= Beginning of Section =
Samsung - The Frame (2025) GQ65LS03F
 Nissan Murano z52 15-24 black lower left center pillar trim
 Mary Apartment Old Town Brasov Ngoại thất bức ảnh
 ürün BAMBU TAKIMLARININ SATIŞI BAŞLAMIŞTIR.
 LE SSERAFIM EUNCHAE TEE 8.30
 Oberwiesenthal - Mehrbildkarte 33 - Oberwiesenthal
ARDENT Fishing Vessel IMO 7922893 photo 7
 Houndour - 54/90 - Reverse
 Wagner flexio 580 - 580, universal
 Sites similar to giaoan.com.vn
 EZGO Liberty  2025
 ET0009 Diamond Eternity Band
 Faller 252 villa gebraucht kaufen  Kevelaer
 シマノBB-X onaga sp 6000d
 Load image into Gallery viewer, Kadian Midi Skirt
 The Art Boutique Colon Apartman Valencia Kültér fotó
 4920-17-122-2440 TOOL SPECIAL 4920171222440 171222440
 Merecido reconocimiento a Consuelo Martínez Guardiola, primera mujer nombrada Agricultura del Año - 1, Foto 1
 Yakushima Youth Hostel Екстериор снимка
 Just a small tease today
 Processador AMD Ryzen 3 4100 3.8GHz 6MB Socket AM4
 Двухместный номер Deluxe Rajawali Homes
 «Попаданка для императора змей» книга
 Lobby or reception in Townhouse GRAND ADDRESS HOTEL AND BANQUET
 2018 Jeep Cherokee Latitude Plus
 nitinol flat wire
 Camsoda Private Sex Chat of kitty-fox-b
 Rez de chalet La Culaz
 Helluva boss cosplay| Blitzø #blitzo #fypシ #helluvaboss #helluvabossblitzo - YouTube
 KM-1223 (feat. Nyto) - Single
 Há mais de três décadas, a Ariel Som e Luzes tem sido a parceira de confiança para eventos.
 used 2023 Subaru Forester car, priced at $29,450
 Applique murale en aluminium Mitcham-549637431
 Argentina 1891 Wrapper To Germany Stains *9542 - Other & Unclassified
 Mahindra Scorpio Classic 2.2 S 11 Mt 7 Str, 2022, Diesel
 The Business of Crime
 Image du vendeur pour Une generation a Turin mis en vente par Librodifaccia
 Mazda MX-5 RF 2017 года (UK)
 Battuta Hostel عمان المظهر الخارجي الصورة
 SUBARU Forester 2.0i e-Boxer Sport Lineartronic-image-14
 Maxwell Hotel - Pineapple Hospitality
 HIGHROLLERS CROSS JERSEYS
= End of Section =
WHAT THIS TASK INVOLVES — The expected output is the lines from the one with "Argentina 1891 Wrapper" through the end of the data, exactly as written and nothing more.

TASK RESULT —
 Argentina 1891 Wrapper To Germany Stains *9542 - Other & Unclassified
 Mahindra Scorpio Classic 2.2 S 11 Mt 7 Str, 2022, Diesel
 The Business of Crime
 Image du vendeur pour Une generation a Turin mis en vente par Librodifaccia
 Mazda MX-5 RF 2017 года (UK)
 Battuta Hostel عمان المظهر الخارجي الصورة
 SUBARU Forester 2.0i e-Boxer Sport Lineartronic-image-14
 Maxwell Hotel - Pineapple Hospitality
 HIGHROLLERS CROSS JERSEYS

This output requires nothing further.